The renderings — including a glamorous woman in a fur coat striding through a restaurant, a pair of models some commentators likened to “Grand Theft Auto” characters, and sleek car scenes — were posted on Gucci’s social media pages ahead of creative director Demna Gvasalia’s first runway show at Milan Fashion Week on Friday.
The images quickly drew sharp criticism online, with some users calling them “cheap” and “slop”— a term used to describe AI-generated content perceived as low-quality or mass-produced.
“You did not need to use AI for this, so tacky,” one Instagram user said. Another user wrote: “Craftsmanship reduced to marketing narrative.” One user on X said AI makes the brand look cheaper than TJ Maxx.
Not all of the images for the “Primavera” campaign are AI-generated — it also includes a mix of other photography.
Gucci did not respond to a request for comment.
Branding experts say that while some consumers perceive the images as “cheap,” Gucci’s decision to use AI was likely driven by creative intent rather than cost-cutting.
It’s about “positioning Gucci at the intersection of fashion, art and technology,” Blanca Zugaza Escribano, a fashion and luxury strategy consultant at Metyis, told Business Insider.
The use of AI fits into Gucci’s history of experimentation and boundary-pushing, she said.

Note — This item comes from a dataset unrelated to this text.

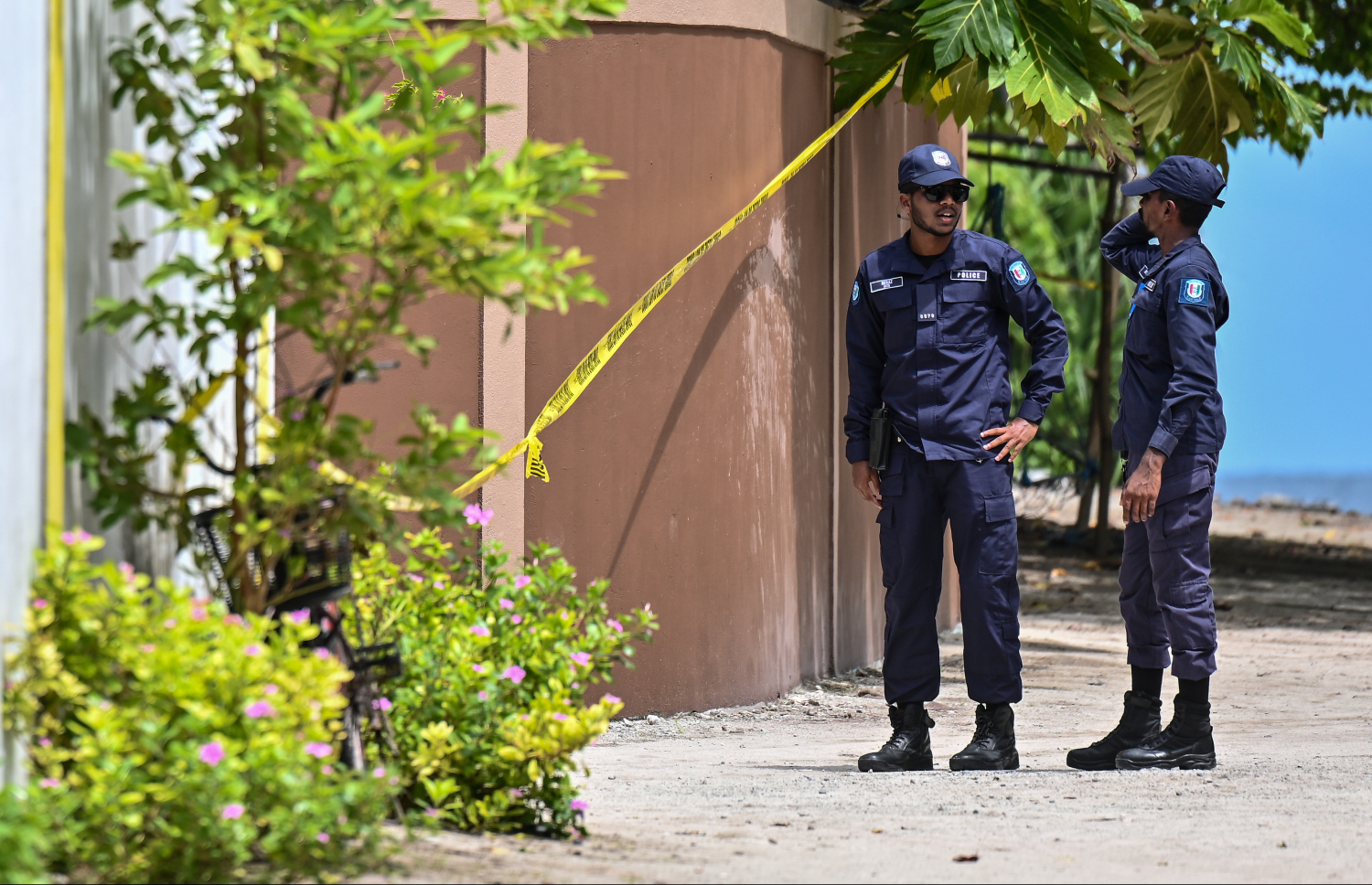 އަބްދުއްރަހުމާން ދިރިއުޅުމު މާހިޔަގެ ސަރަހައްދު ބަންދު ކޮށްގެން ފުލުހުން ހަރަކާތްތެރިވަނީ.--- ފޮޓޯ: ފަޔާޒު މޫސާ| މިހާރު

“It signals creative futurism, reinforces the brand’s relevance in a tech-driven world, and allows it to generate surreal, high-impact imagery that traditional production might not easily achieve,” she added.

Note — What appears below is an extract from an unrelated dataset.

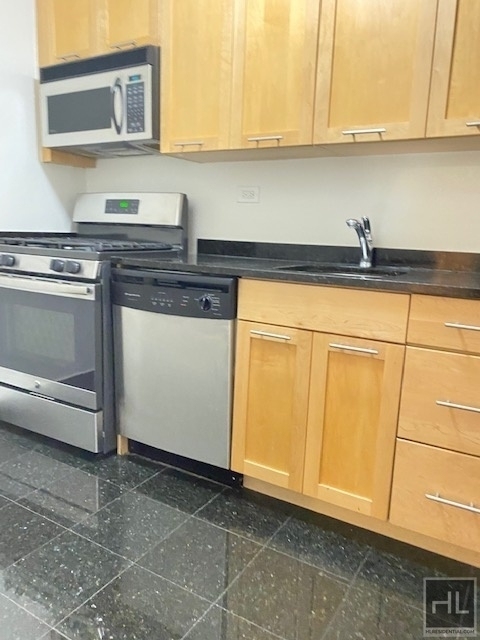 East 49 Street - Photo 6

This isn’t the first time the Italian luxury fashion house has dipped its toes into AI.
Earlier this month, Gucci partnered with Snapchat for an AI interactive lens — a feature that enables Snapchat users to become one of Gucci’s “La Famiglia” figures. These were fictional digital characters created for one of its collection rollouts.
Armelle Poulou, CFO of Kering — Gucci’s parent company — said in its fourth-quarter earnings call that the launch of the “La Famiglia” Collection, and its “surrounding activations,” are putting “Gucci back at the center of the attention.”

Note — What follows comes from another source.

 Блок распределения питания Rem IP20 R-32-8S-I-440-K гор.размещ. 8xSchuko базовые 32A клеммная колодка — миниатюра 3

That push for visibility comes at a critical moment for the brand.
Gucci had the steepest revenue decline among Kering’s portfolio, falling 22% on a reported basis and 19% on a comparable basis in its full-year 2025 earnings.
Jacopo Raule/Getty Images
Matthew Drinkwater, the director of the Fashion Innovation Agency at the London College of Fashion, said luxury has traditionally been rooted in “craft, heritage and human storytelling.”
“If AI is used in a way that feels like it replaces craft, it risks undermining the very thing that creates aspiration,” he said.
This isn’t the first time Gucci has been accused of diluting the brand image. While its push for maximalism and logos more than doubled its revenue between 2015 and 2022 —under creative director Alessandro Michele — when consumers turned to the “quiet luxury” trend, it was unable to keep up.
Alongside mass-market partnerships, the fashion house’s customer base had also become younger and more aspirational, many of whom seem to have moved on.
The most honest focus group in fashion
Gucci isn’t the only brand to face backlash for its use of AI in marketing. In December, fashion house Valentino raised eyebrows after launching an AI-generated campaign for its DeVain handbag.
“Ruining a fashion house legacy is tough work, but I see you guys have determination,” one user on Instagram said of Valentino’s campaign at the time.
For luxury brands, the challenge of delivering a positive tech experience is even greater, said Elaine Parr, a senior partner and consumer products and retail industries leader EMEA at IBM.
Not only is it a “tough market” for luxury right now as a pullback in spending from aspirational shoppers weighs on sales, but “you need to deliver on the Lux brand promise and be modern whilst retaining your heritage,” Parr added.
The Instagram comments section of luxury brands has become “the most honest focus group in fashion,” said Drinkwater, the director of the Fashion Innovation Agency at the London College of Fashion.
“Almost any use of AI in fashion still seems to trigger a level of outrage,” he added.
Drinkwater said that while AI is more effective when it supports a creative vision rather than replaces it, negative campaign reactions “are good examples of how quickly the conversation can turn when people feel craft or human input is being displaced.”